Le Français, Maître Jean-Pierre Torda est engagé par la Société d’escrime de Sion en 2005. Il y enseignera durant 20 ans.
Une vraie salle d’armes avec des pistes fixes
Sous la houlette du nouveau Président, Gérald Pfefferlé qui succède à Janine Lamon en 2009, un déménagement se profile. La salle du Sacré-Cœur II devient en effet trop étroite pour accueillir plus d’élèves et surtout le système des pistes avec les fils de corps accrochés au plafond créent une perte de temps incontestable.
Dans le cadre de la construction du Campus de l’Ecole Professionnelle, l’EPTM, la Ville de Sion met enfin à disposition de la Société d’escrime une véritable salle d’armes ainsi qu’une salle de fitness. L’architecte Grégoire Evéquoz suit tout le projet et propose de construire une mezzanine afin de pouvoir observer la salle et ses tireurs en prenant de la hauteur.
La salle d’armes est inaugurée en novembre 2013, le jour des 90 ans de Michel Evéquoz. Une plaquette ainsi qu’un tableau sont dévoilés pour honorer le père fondateur de l’escrime en Valais. La salle d’armes est à son nom. Michel Evéquoz aura été présent jusqu’au bout et aura partagé son expérience avec tant de jeunes élèves. Il décède deux ans plus tard en laissant un souvenir marquant pour toute une région.
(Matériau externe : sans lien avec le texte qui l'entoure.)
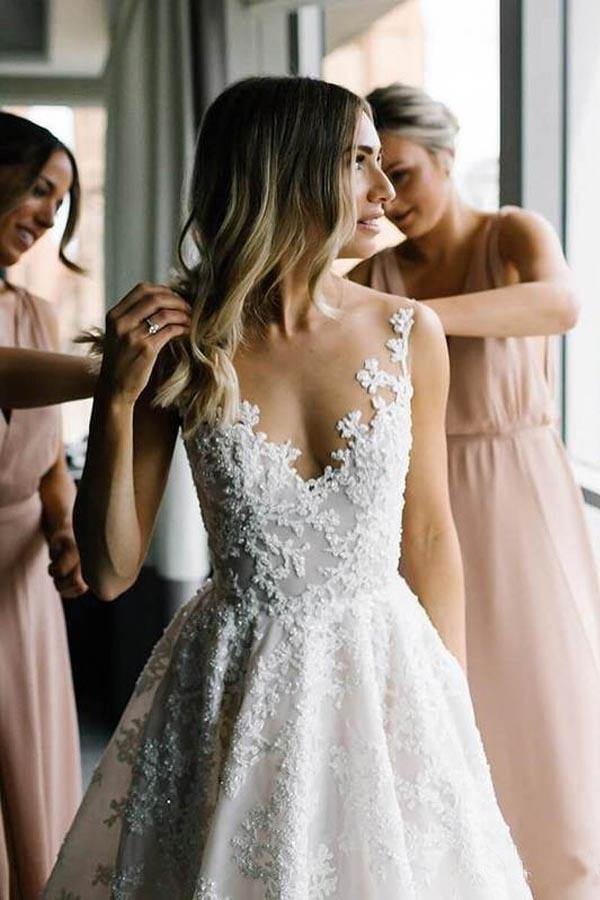 Elegant V-neck Straps A-line Wedding Dress With Floral Beads | Ballbellas Ballbellas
Gérald Pfefferlé de par son statut de vice-Président de la Ville de Sion a fortement contribué à l’installation de cette magnifique salle qui fait le bonheur de nombreux petits et grands escrimeurs. En 2016, il quitte son poste de Président laissant sa place à Joël Charvet qui instaurera une co-présidence qui dure toujours. Stephan Kronbichler lui succédera quelques temps. Finalement, après des remous au sein du comité, la maman de deux jeunes escrimeurs, Séverine Charbonnet-Lusson prend en main la co-présidence en 2023 : elle est accompagnée dans son travail par Jean-Charles Zimmermann présent depuis le début de la co-présidence. Un apaisement au sein du comité est observé ce qui permet une belle dynamique au quotidien.
L’Association valaisanne d’escrime (AVES), créée en 1998 et qui regroupe tous les clubs valaisans perdure avec plusieurs manifestations communes. Un flyer est créé et distribué dans tout le canton lors de ces évènements.
En 2025, Me Jean-Pierre Torda prend sa retraite et quitte le club après de longues années d’enseignement. Ses élèves dont trois tireurs particulièrement, Lucas Malcotti, Alexis Bayard et Clément Métrailler seront présent sur la scène internationale pendant de nombreuses années. La Société d’escrime de Sion continue ainsi de briller dans le monde de l’escrime. En 2025, Me Vassilis Georgiadis qui est franco-grec est engagé au club. L’histoire continue sous sa houlette. La passion est intacte. La salle d’armes Michel Evéquoz accueille toujours de nombreux petits Valaisans qui veulent tenir une épée dans la main et en découdre avec leur adversaire.